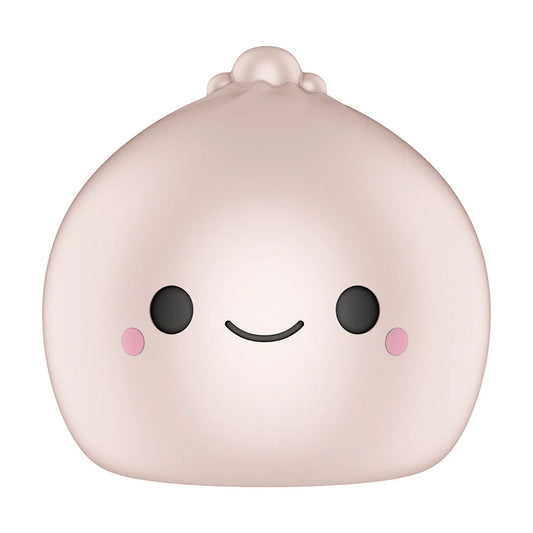 Satisfyer Mochi Air Pulse Clitoral Vibrator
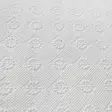 Matta Conceptum Eexfab674 Flerfärgad Polyester 180x280 cm - Stora och medelstora mattor - 8682870056855 - 6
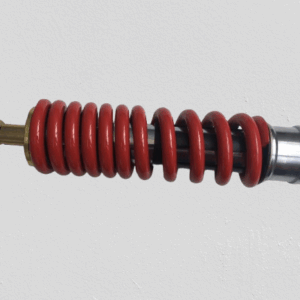 Unishock CBF150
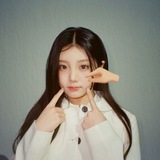 Telegram profile photo for home wonhee !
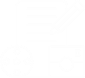 WEB DESIGN COMPANY IN JAIPUR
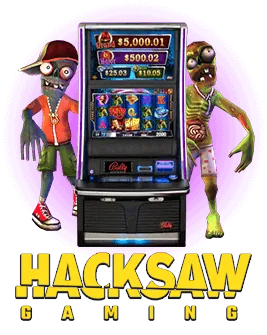 Cấp độ VIP Bạc của game sc88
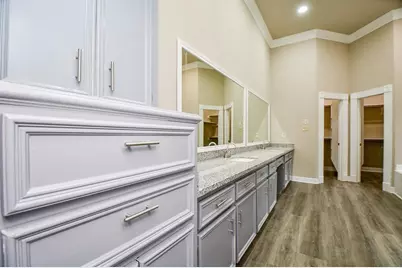7611 Naremore Drive, Spring, TX 77379 - Photo 22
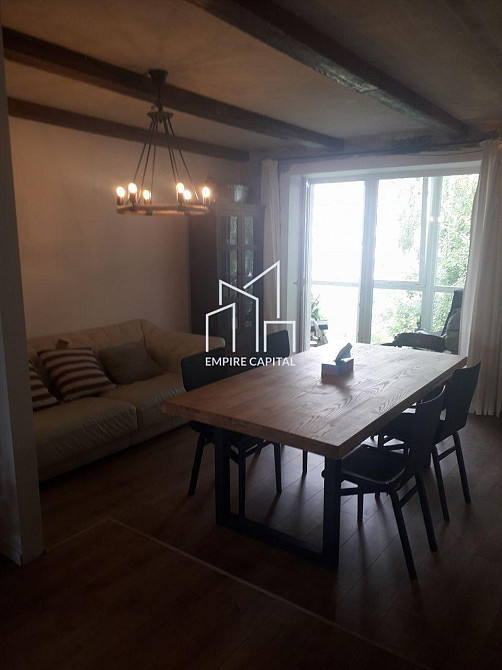 Оренда 1к Квартира 49 кв.м Сірка Івана вул. Львів - фото 6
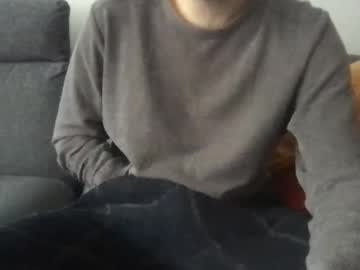 Small_88 January 11, 2025 Chaturbate stream image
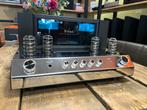 McIntosh MA352, Audio, Tv en Foto, Buizenversterkers, Ophalen of Verzenden, Versterker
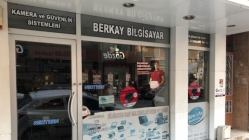 Berkay Bilişim’de “Bahar Kampanyası Fırsatı”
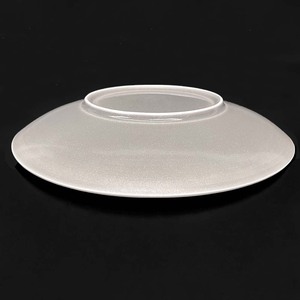 Assiettes à dîner en céramique vintage DianTong de 11 pouces, écologiques, en vrac, glaçure grise, utilisables au <span class=keywords><strong>micro</strong></span>-ondes, pour la restauration - Product Image 5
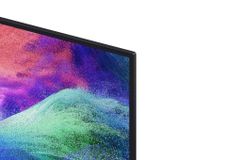 Smart Tivi Samsung Micro RGB 4K Vision AI 65 Inch MRA65R85H [ 65R85H ]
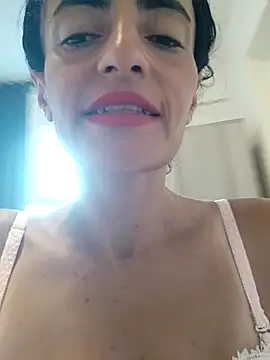 Gecenin Kralicesi online show from September 11, 5:29 am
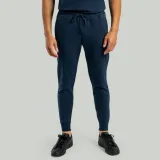 Долнище ALPHA Joggers Midnight Blue - STRIX · záber 1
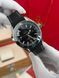 Годинник наручний Omega Seamaster Diver Co-Axial 1168 фото 2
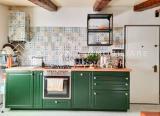 Appartamento, RAVENNA, 270.000 €, 120,00 mq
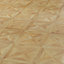 GoodHome Staccato Patterned Gloss Natural oak effect Laminate flooring Sample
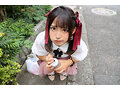サンプル画像8 - KMPVR 近距離で可愛くってスケベな顔を満喫！これぞVRの最大の醍醐味3作品ノーカット収録！！ 尾崎えりか 渚みつき 佐伯由美香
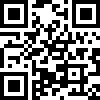 https://khabaronline.ir/x85SJ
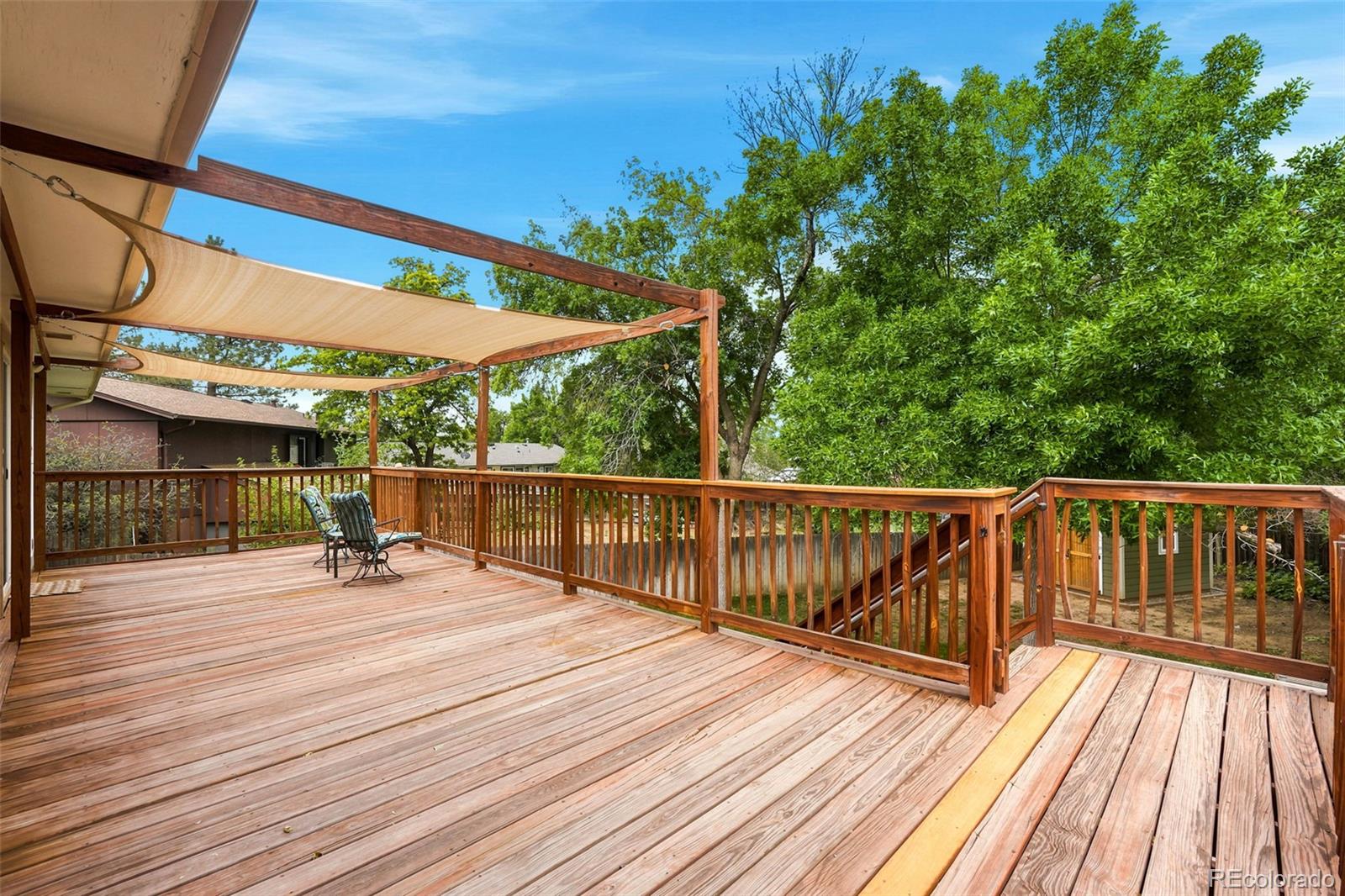 MLS Image #41 for 10121  benton street,westminster, Colorado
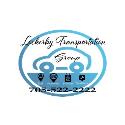 Lockerby Auto Care company logo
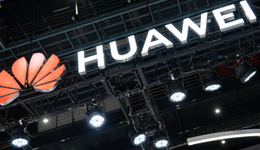 赛力斯一定不是华为的代工厂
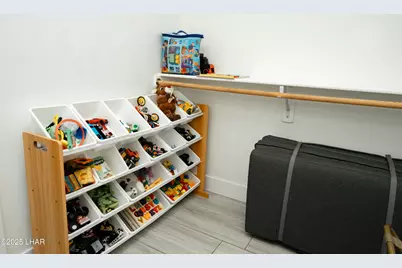 4221 Colt Dr, Lake Havasu City, AZ 86404 - Photo 103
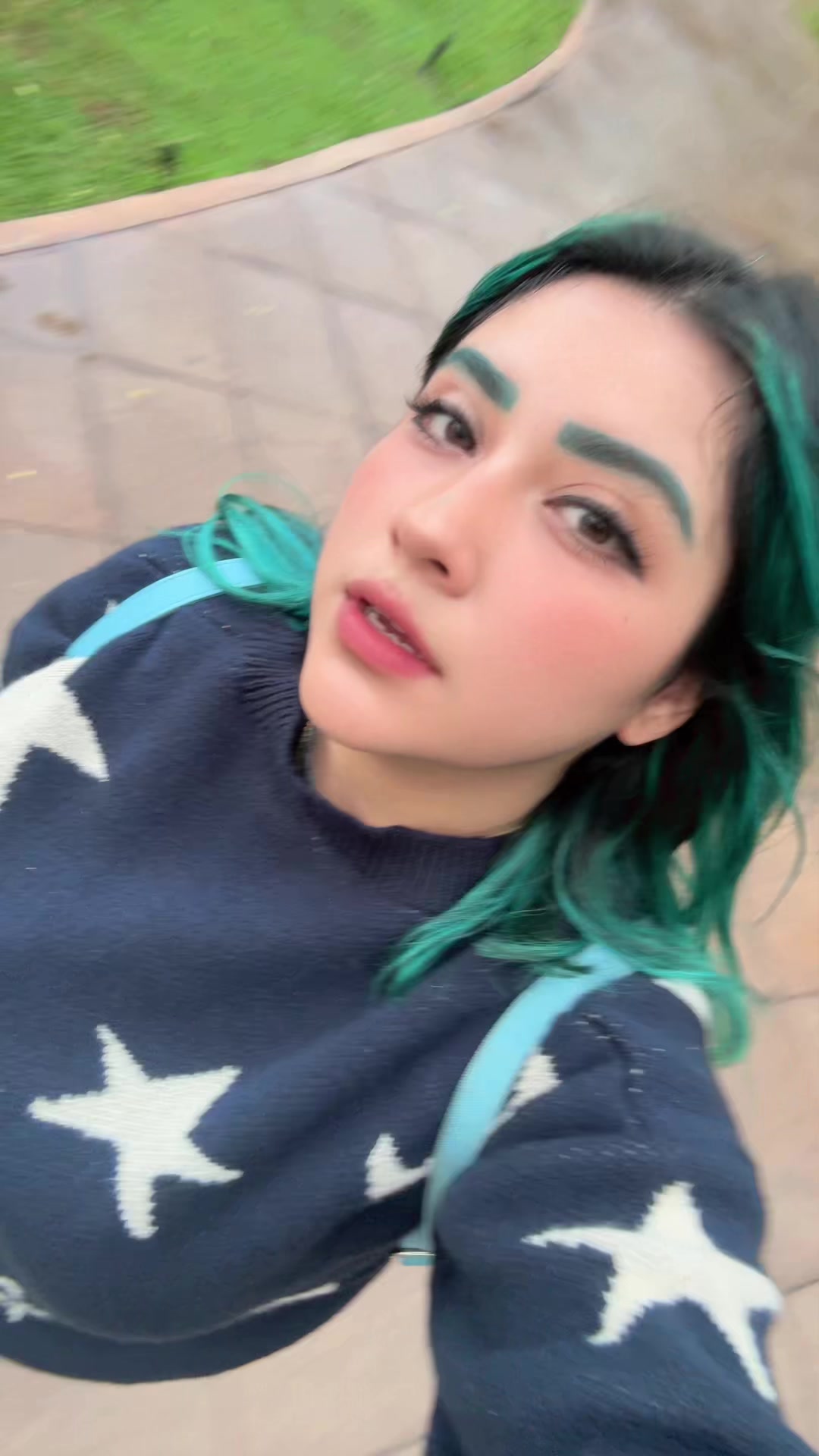 @Gina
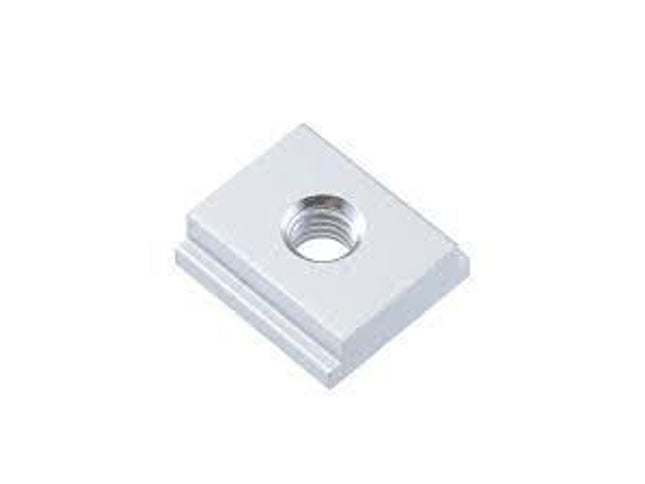 Mitre Track T-Nut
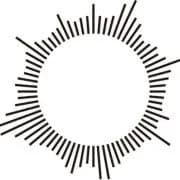 Nova Brewing Co logo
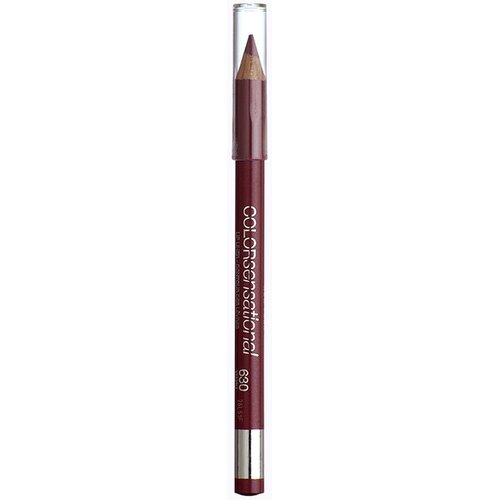 Maybelline New York Olovka za usne Color Sensational 630 Cene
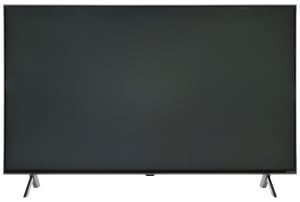 v1627334286/productvergelijker/KTV/IC13004-0039-00_51-9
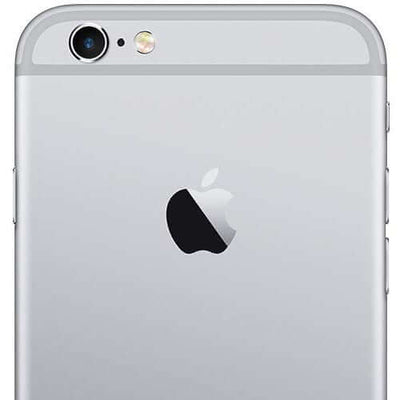 iPhone 6s 16GB Space Grey Online at Best price
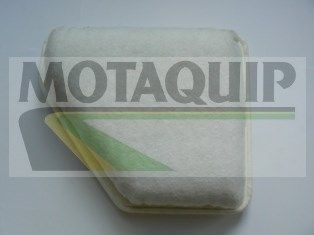 MOTAQUIP oro filtras VFA1208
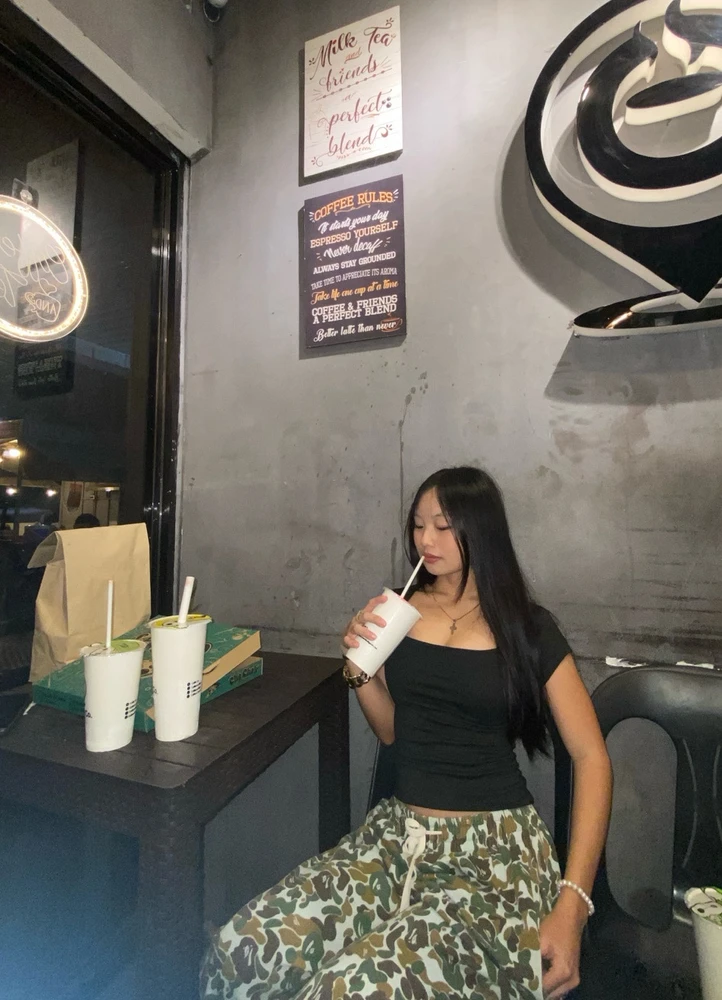 Image uploaded by Elo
-- -- --
WORK TASK = Give exactly those lines of the listing that run from its first line through the line with "Nova Brewing Co logo", leaving each picture out.

EXERCISE SOLUTION =
 Satisfyer Mochi Air Pulse Clitoral Vibrator
 Matta Conceptum Eexfab674 Flerfärgad Polyester 180x280 cm - Stora och medelstora mattor - 8682870056855 - 6
 Unishock CBF150
 Telegram profile photo for home wonhee !
 WEB DESIGN COMPANY IN JAIPUR
 Cấp độ VIP Bạc của game sc88
7611 Naremore Drive, Spring, TX 77379 - Photo 22
 Оренда 1к Квартира 49 кв.м Сірка Івана вул. Львів - фото 6
 Small_88 January 11, 2025 Chaturbate stream image
 McIntosh MA352, Audio, Tv en Foto, Buizenversterkers, Ophalen of Verzenden, Versterker
 Berkay Bilişim’de “Bahar Kampanyası Fırsatı”
 Assiettes à dîner en céramique vintage DianTong de 11 pouces, écologiques, en vrac, glaçure grise, utilisables au <span class=keywords><strong>micro</strong></span>-ondes, pour la restauration - Product Image 5
 Smart Tivi Samsung Micro RGB 4K Vision AI 65 Inch MRA65R85H [ 65R85H ]
 Gecenin Kralicesi online show from September 11, 5:29 am
 Долнище ALPHA Joggers Midnight Blue - STRIX · záber 1
 Годинник наручний Omega Seamaster Diver Co-Axial 1168 фото 2
 Appartamento, RAVENNA, 270.000 €, 120,00 mq
 GoodHome Staccato Patterned Gloss Natural oak effect Laminate flooring Sample
サンプル画像8 - KMPVR 近距離で可愛くってスケベな顔を満喫！これぞVRの最大の醍醐味3作品ノーカット収録！！ 尾崎えりか 渚みつき 佐伯由美香
 https://khabaronline.ir/x85SJ
 MLS Image #41 for 10121  benton street,westminster, Colorado
 Lockerby Auto Care company logo
 赛力斯一定不是华为的代工厂
 4221 Colt Dr, Lake Havasu City, AZ 86404 - Photo 103
 @Gina
 Mitre Track T-Nut
 Nova Brewing Co logo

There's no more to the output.